» **Stored items**:
────────────────────
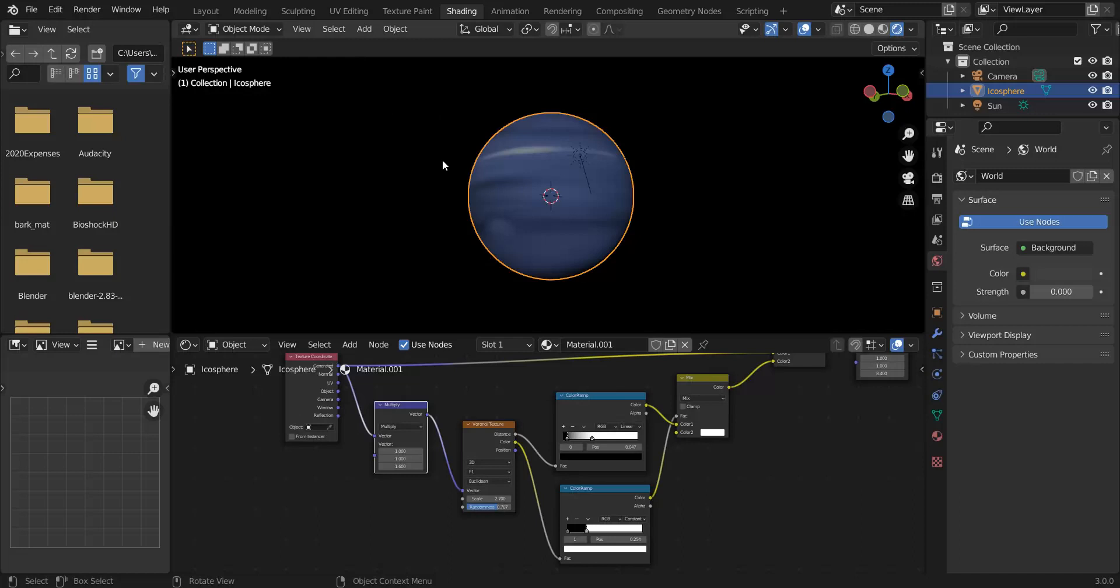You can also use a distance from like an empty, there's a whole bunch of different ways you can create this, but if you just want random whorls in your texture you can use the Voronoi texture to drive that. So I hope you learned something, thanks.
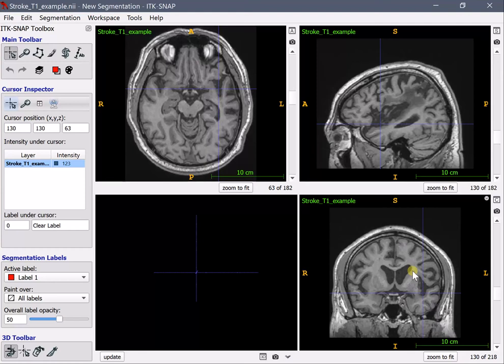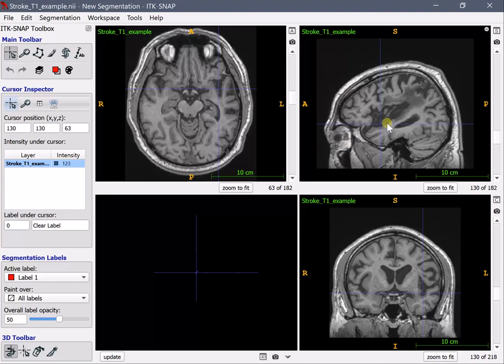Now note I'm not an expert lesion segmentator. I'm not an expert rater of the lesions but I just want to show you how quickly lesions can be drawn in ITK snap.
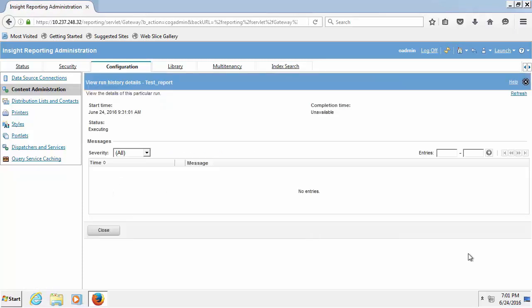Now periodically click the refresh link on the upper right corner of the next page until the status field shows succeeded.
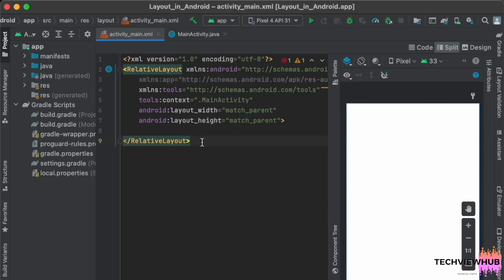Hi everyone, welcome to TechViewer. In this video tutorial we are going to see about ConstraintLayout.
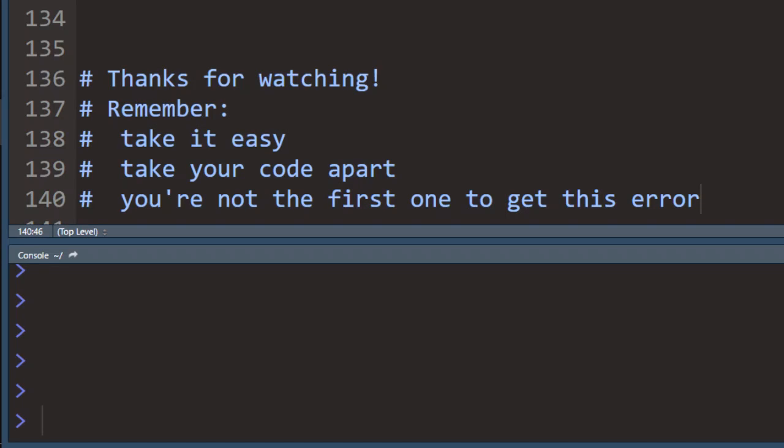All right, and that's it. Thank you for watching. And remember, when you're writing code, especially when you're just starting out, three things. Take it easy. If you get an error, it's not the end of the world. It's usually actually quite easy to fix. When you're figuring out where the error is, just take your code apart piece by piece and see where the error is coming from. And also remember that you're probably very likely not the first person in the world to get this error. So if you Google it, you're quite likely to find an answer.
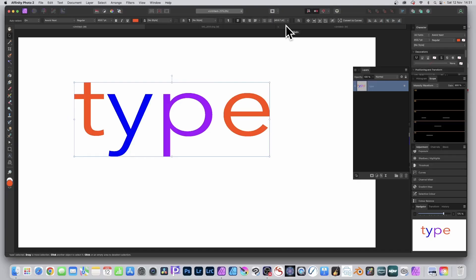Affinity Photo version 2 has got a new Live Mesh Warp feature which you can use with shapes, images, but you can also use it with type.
────────────────────
Find the line containing "Now periodically click" in the records above and restate it, and each line after it through the end, word for word, dropping the pictures.

Now periodically click the refresh link on the upper right corner of the next page until the status field shows succeeded.
Hi everyone, welcome to TechViewer. In this video tutorial we are going to see about ConstraintLayout.
All right, and that's it. Thank you for watching. And remember, when you're writing code, especially when you're just starting out, three things. Take it easy. If you get an error, it's not the end of the world. It's usually actually quite easy to fix. When you're figuring out where the error is, just take your code apart piece by piece and see where the error is coming from. And also remember that you're probably very likely not the first person in the world to get this error. So if you Google it, you're quite likely to find an answer.
Affinity Photo version 2 has got a new Live Mesh Warp feature which you can use with shapes, images, but you can also use it with type.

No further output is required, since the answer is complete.